EXERCISE DIRECTIONS: Set each entry down verbatim, omitting images.

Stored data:
------------

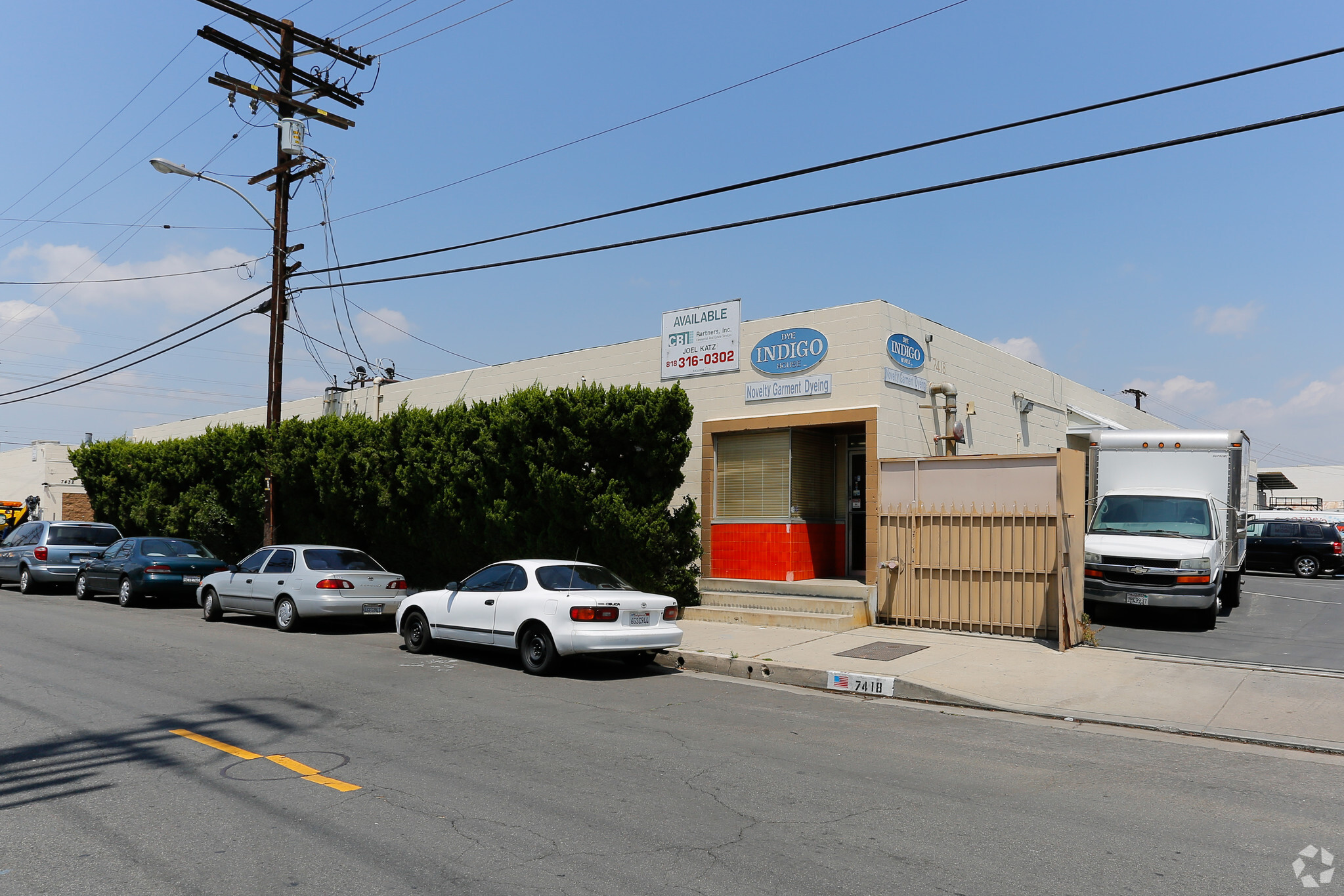 7418-7420 Fulton Ave, North Hollywood, CA for sale Building Photo- Image 1 of 1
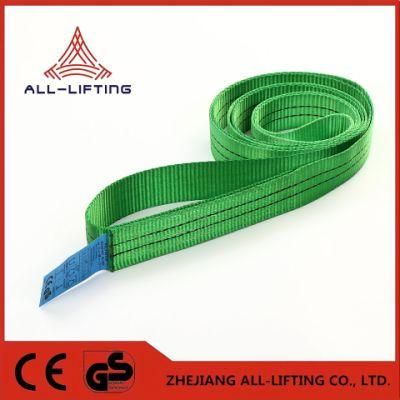 2ton Flat Fiber Sling Polyester Endless Webbing Sling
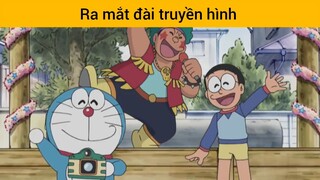 ra mắt đài truyền hình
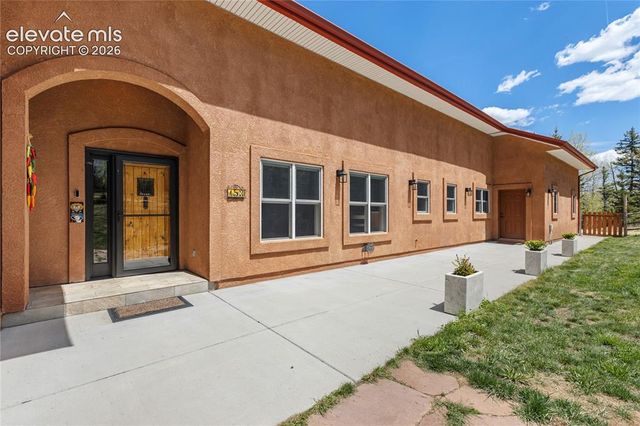 153 Moss Rock Court, Divide, CO 80814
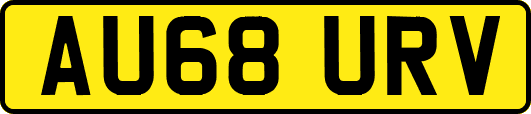 AU68URV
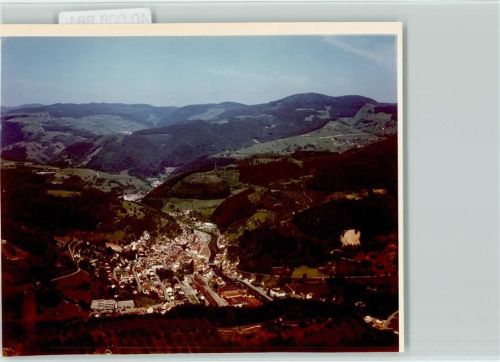 Zell Luftaufnahme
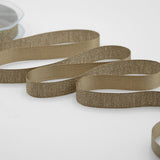 raso boutique lamè 16 mm cannella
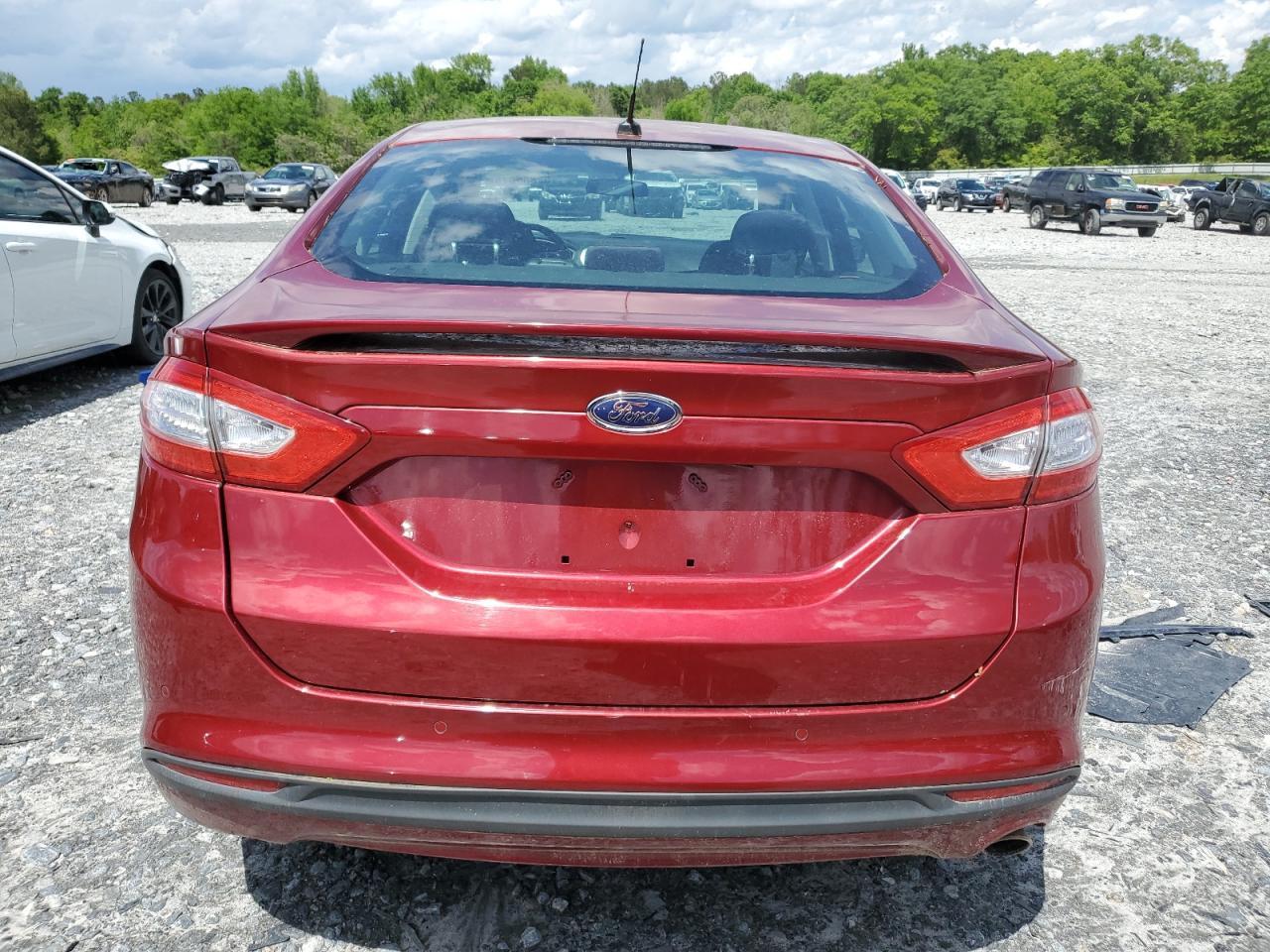 2013 FORD FUSION SE - Image 6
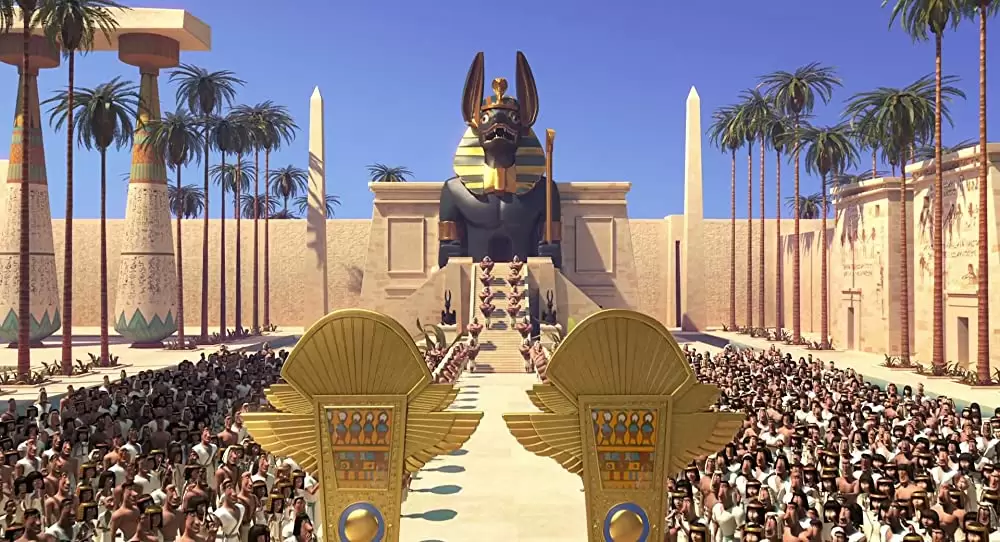 天才犬ピーボ博士のタイムトラベルの画像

------------

SOLUTION:
 7418-7420 Fulton Ave, North Hollywood, CA for sale Building Photo- Image 1 of 1
 2ton Flat Fiber Sling Polyester Endless Webbing Sling
 ra mắt đài truyền hình
 153 Moss Rock Court, Divide, CO 80814
 AU68URV
 Zell Luftaufnahme
 raso boutique lamè 16 mm cannella
 2013 FORD FUSION SE - Image 6
 天才犬ピーボ博士のタイムトラベルの画像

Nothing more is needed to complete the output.